The book’s intimate descriptions of life in the years before the Stonewall Riots is a key reason this book is essential to read for the purpose of learning about gay life in the years leading up to the Stonewall Riots. This long prelude to the actual conflict gives the reader a greater understanding of what was going on before the Stonewall Riots. The Stonewall Riots are often regarded as the key turning point in the gay civil rights movement, bringing about the ‘gay revolution’. However, as exemplified in the book, this was not the only major turning point in this time period.
There were other turning points which occurred before the Stonewall Riots, and these were almost, if not more, important than the Stonewall Riots in helping bring the issue of civil rights for homosexuals to the forefront of American society. One of the important events that the book describes is the condemnation of entrapment by New York City Mayor John Lindsay, who was the 103rd mayor of the city from 1966 to 1973. Entrapment (which was the police’s practice of pretending to be homosexuals so that they could arrest any gays who were ‘cruising’ other men [looking to hook up with them]) was a big issue back then.
It was unfair, since the police led gays on by making them think that the police were actually other gay men, and then arresting them for agreeing to perform in illegal sexual acts. Mayor Lindsay’s condemnation of this police practice resulted in its end. This was an important turning point, because it helped stop the enforcement of homosexual oppression. Another turning point which was explored within the book was the beginning of the Stonewall Riots. The author goes to great lengths to describe the events which led up to the beginning of the riots.
He starts this by describing how the Stonewall Inn came to be, chronicling its beginning as two different buildings and writing about how the buildings were put together to create the ‘Stonewall Inn Restaurant’. Then, the author writes about the founder of the Inn, an Italian mobster named Fat Tony, and the reasons behind turning it into a gay bar. The fact that the bar was ran by someone connected to the mafia is important, as it was the sole reason that Inspector Seymour Pine led the raid on the Stonewall Inn on the morning of June 28, 1969 which evolved into the Stonewall Riots.

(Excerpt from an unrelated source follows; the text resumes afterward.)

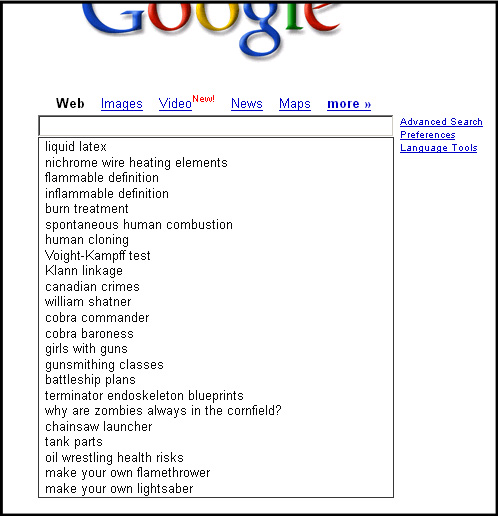Google Searches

In the book, David Carter writes that the main turning point in the raid began when the police forced most people out and forced transgender people into the bathroom to check their genitalia to decide whether they were male or female. Usually, this happened during every raid on gay bars; however, this time, the people put up more of a struggle, alerting the outside people of the situation they were in. Along with this, a lesbian who was arrested by the cops was being handled very roughly, and this caused her to fight back equally as rough.
As she was put in a cop car, she called on the rest of the people waiting outside to do something about what was happening. This was the spark which ignited the flame; as she was being driven away, the crowd began to fight back against the cops, throwing things their way and shouting obscenities at them. This angry lesbian’s call to arms was the turning point in the raid, and gave everyone else the will to fight back. This turning point began the riots, and therefore is an important aspect of them.
All in all, the Stonewall Riots were important in helping bring the gay civil rights movement to public view, and this book helps illustrate this within it. Overall, I believe that this book has done an excellent job of elucidating me on the subject of the Stonewall Riots, and is an excellent source of information on the topic. The amount of intricate descriptions of people’s lives back then in the ‘gay ghetto’ of Greenwich Village and the inclusion of many turning points that aren’t as well known as the Stonewall Riots makes this book an outstanding account of life during this period of time.
The anecdotes also make the book easier to read, as those parts of it make the book seem more like a novel and less like a textbook. Plus, the book described the Stonewall Riots as well as other, lesser known turning points in the gay civil rights movement. Stonewall: the Riots that Sparked the Gay Revolution was a great book to read, and I would recommend it to anyone who wants to learn more about the homosexual community in America before the mainstreaming of the gay civil rights movement.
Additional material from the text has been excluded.